The 10th December 2018 marks 70 years since the ratification of the Human Rights Declaration.
The internationally binding document put human rights firmly at the front of the public conscience and moreover enshrined human rights in law. At the launch of the website dedicated to the declaration, the UN High Commissioner for Human Rights Zeid Ra’ad Al Hussein, said,

“The Universal Declaration has helped countless people gain greater freedoms and equality,”

Before the universal declaration of human rights came into being, there were several different documents that came onto the world stage permitting individual rights to be safeguarded, but only to a certain extent. The Magna Carta (1215), the English Bill of Rights (1689), the French Declaration on the Rights of Man and Citizen (1789), and the US Constitution and Bill of Rights (1791) are all documents that permitted states to guarantee the rights of man.
The 19th century saw efforts to end the slave trade, which led to the establishment of the International Labour Organization (ILO) in 1919, but there was still a gap; there was not one universally applicable legal document to ensure the protection of human rights laws.
As the world found itself in social, humanitarian and economic ruins after the second World War it was clear that a universal solution was needed to sustain peace. The failure of the League of Nations, the first attempt at an international intergovernmental organisation, meant the world was ready for, and needed, an international peacekeeping mechanism.
On 26 June 1945 the UN Charter was signed and then ratified by the 5 permanent members: China, France, Russia, the UK, and the US; the same countries that now make up the permanent members of the UN Security Council.
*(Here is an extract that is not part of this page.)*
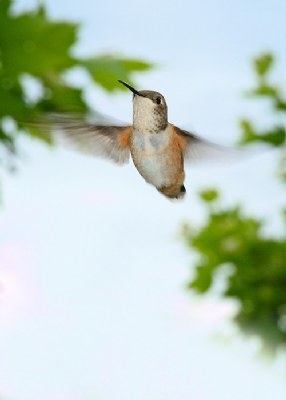 Female Rufous 2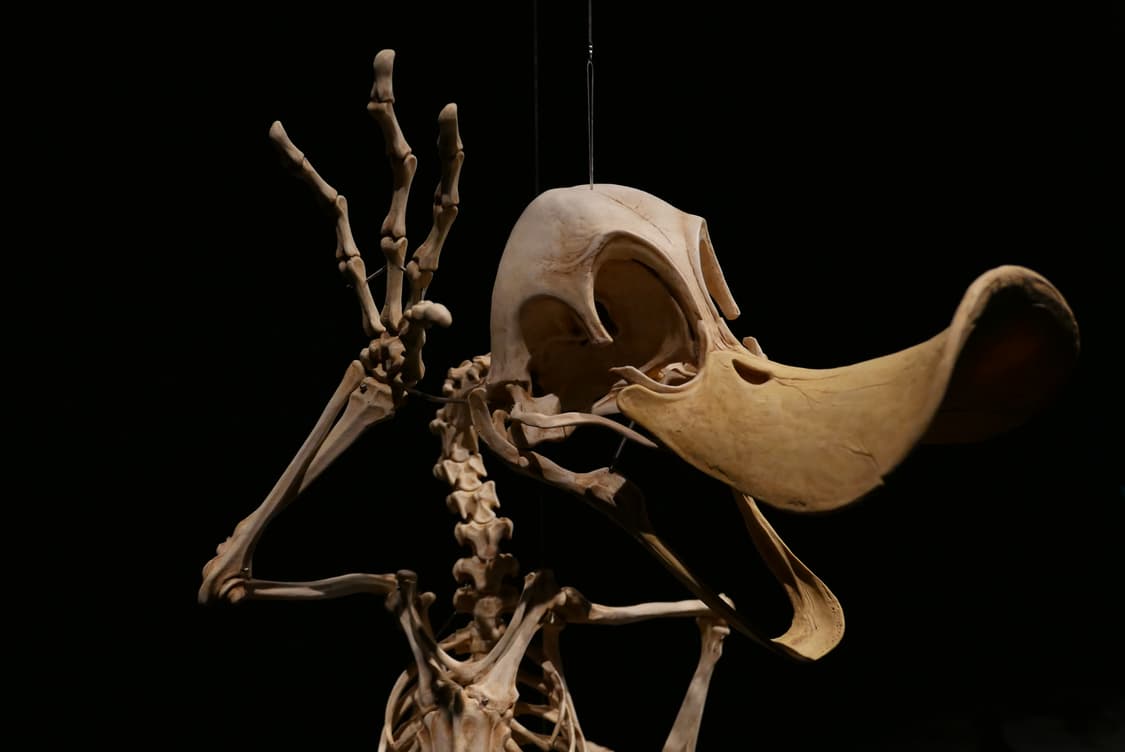 Leica d-lux 109 상품이미지9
Once the United Nations was established it was not long until the 30 Articles of the Universal Declaration of Human Rights (UDHR) were published in 1948.

What have we learned? “With age comes wisdom, but sometimes age comes alone.”

Wisdom is meant to come with age, so the saying goes, but how far has the UDHR helped international human rights? Sadly, the existence of the 30 UDHR Articles have not stopped various governments, organisations and individuals from infringing upon the basic rights of others.
In fact, in 2018 human rights abuses are widespread; from the rights of a journalist imprisoned for exposing the tyranny of a government, to civilians targeted in war, or children forced to work in appalling conditions. As a report by Human Rights Watch points out,

while we celebrate the achievements of the UDHR we need to ‘acknowledge the gap between its promise and its implementation.’

Overall though the importance of these 30 Articles cannot be overstated. Their existence has stopped countless cases of human rights abuse worldwide, has held the guilty accountable, and has acted as a deterrent for other violators, and without them, this would not have been possible.